┌─ Material shown

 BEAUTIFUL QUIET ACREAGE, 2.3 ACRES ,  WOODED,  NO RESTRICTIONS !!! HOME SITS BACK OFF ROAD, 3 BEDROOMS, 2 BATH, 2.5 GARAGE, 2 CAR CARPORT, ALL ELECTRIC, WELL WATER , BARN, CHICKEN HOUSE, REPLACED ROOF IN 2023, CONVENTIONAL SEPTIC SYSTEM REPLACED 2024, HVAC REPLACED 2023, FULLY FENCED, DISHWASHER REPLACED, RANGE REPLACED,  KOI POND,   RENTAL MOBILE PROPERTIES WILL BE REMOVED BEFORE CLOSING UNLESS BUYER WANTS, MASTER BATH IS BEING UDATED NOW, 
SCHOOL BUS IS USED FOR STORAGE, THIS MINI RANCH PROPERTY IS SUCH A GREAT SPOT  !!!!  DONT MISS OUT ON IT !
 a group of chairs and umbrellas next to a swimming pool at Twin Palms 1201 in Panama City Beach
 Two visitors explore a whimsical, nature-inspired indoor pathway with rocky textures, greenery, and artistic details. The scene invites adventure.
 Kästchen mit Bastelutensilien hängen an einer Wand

└─
┌─ Material shown

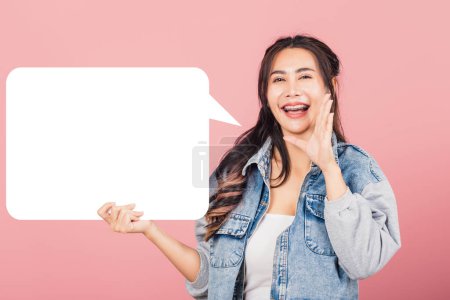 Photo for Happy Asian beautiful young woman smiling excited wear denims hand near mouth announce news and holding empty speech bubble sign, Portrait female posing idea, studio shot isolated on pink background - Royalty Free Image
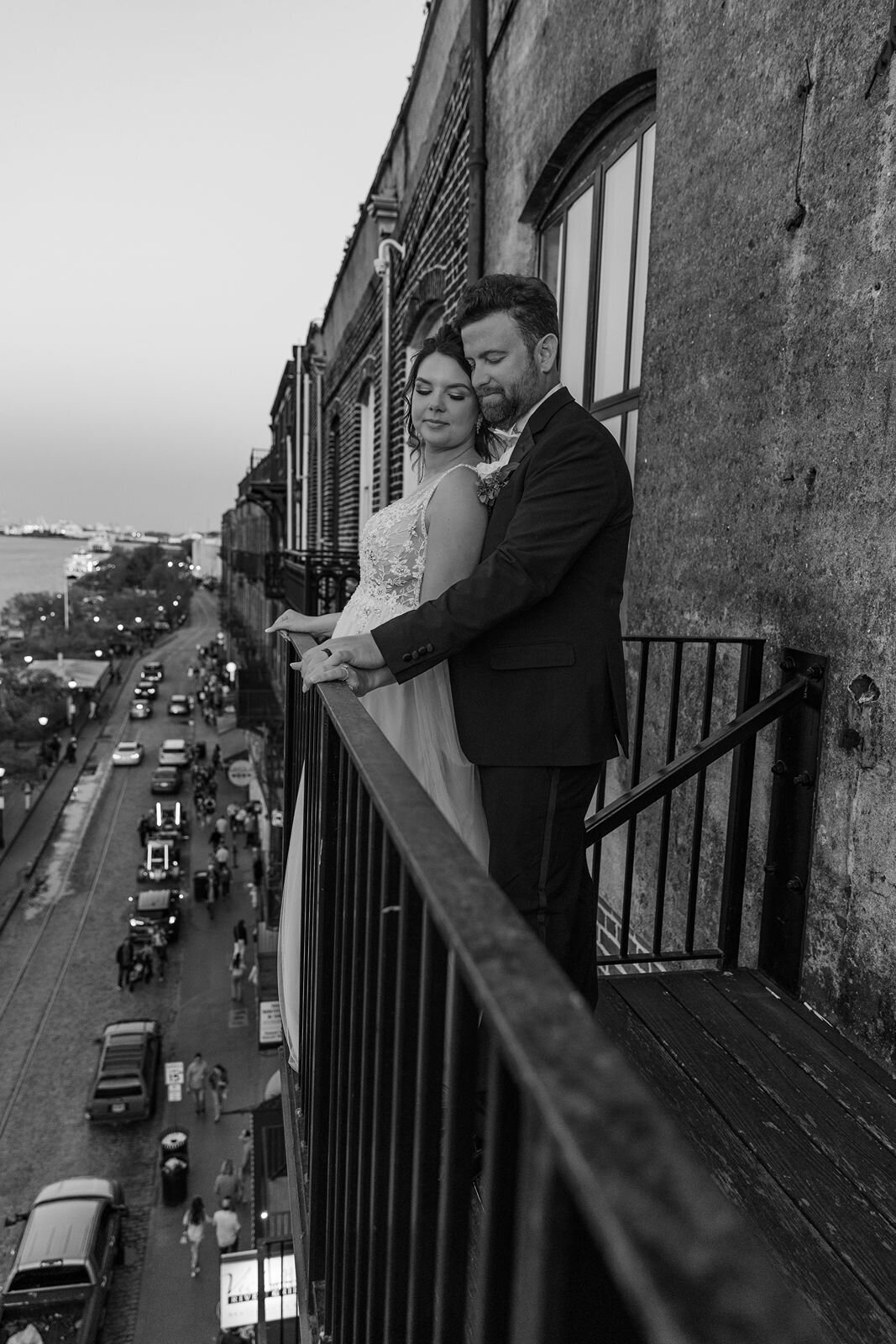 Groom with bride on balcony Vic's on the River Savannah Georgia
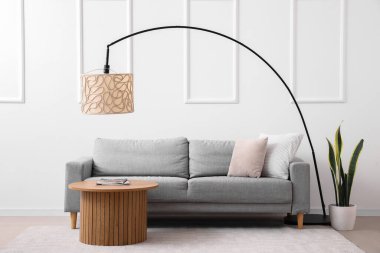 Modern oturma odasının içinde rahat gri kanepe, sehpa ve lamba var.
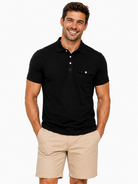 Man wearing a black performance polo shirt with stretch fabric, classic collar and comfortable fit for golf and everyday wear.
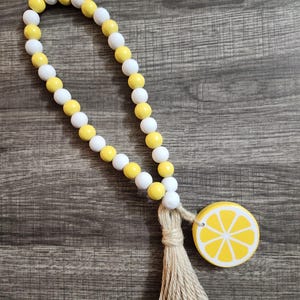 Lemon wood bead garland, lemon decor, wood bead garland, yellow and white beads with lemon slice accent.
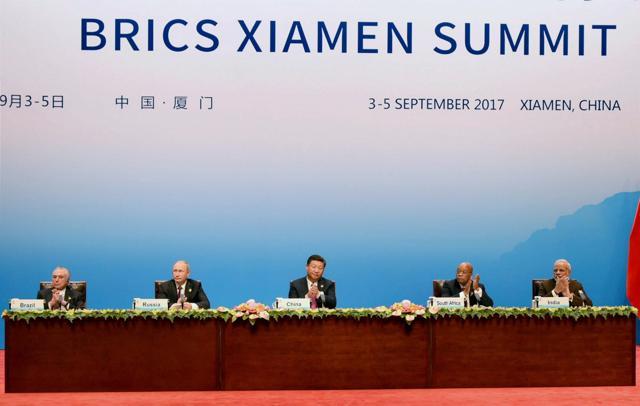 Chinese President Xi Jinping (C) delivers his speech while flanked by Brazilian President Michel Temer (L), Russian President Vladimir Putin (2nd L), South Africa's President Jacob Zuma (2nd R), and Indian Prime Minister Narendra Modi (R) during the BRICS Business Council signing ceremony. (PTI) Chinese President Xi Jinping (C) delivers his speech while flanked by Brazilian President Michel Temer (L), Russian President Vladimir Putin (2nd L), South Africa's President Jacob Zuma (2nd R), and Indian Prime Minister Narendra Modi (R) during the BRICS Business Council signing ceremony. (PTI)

└─
┌─ Material shown

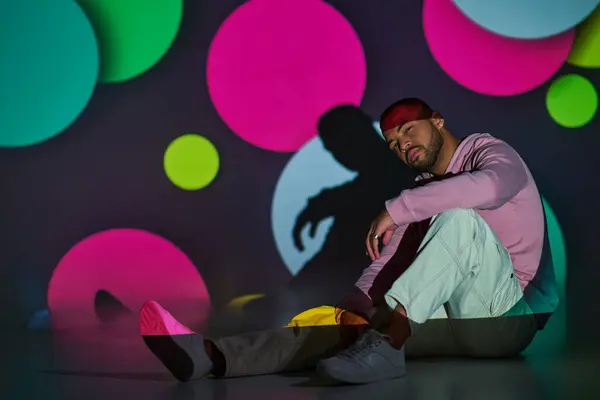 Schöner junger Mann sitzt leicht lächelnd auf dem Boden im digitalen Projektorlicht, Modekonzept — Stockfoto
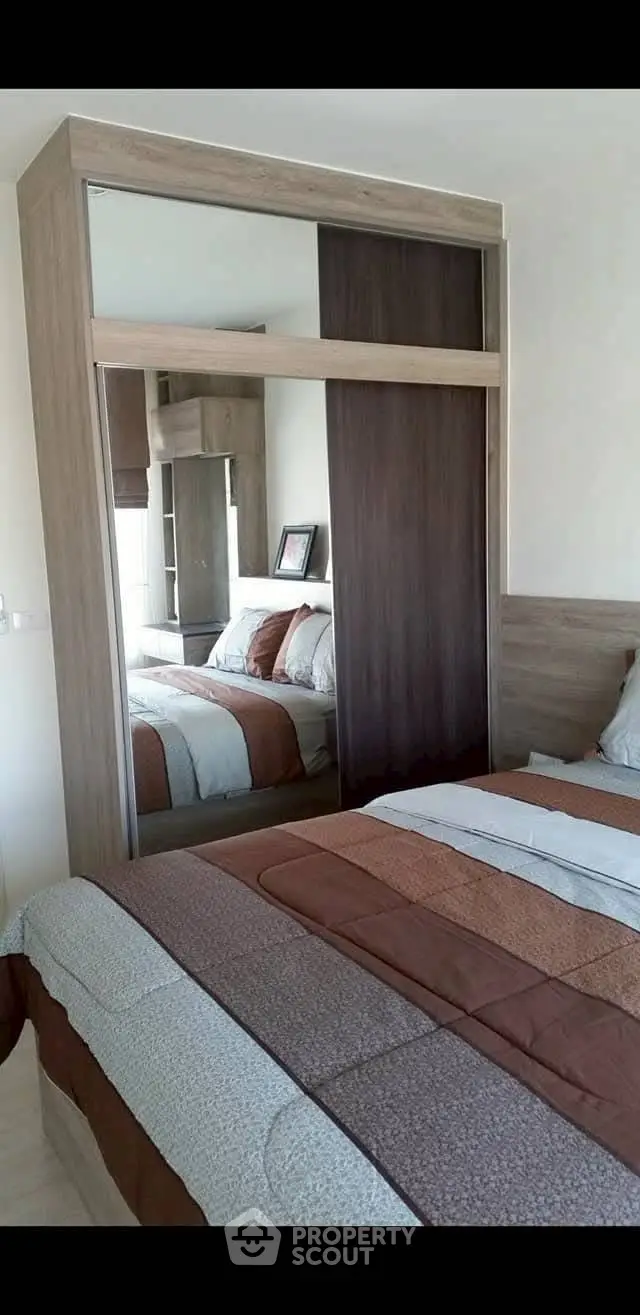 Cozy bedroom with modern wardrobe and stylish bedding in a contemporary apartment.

└─

* Exercise prompt:
Using the records above, return word for word the lines that begin at the one containing "Groom with bride" and end at the one containing "Lemon wood bead", both of them included and no pictures.

* Answer to this exercise:
 Groom with bride on balcony Vic's on the River Savannah Georgia
 Modern oturma odasının içinde rahat gri kanepe, sehpa ve lamba var.
 Man wearing a black performance polo shirt with stretch fabric, classic collar and comfortable fit for golf and everyday wear.
 Lemon wood bead garland, lemon decor, wood bead garland, yellow and white beads with lemon slice accent.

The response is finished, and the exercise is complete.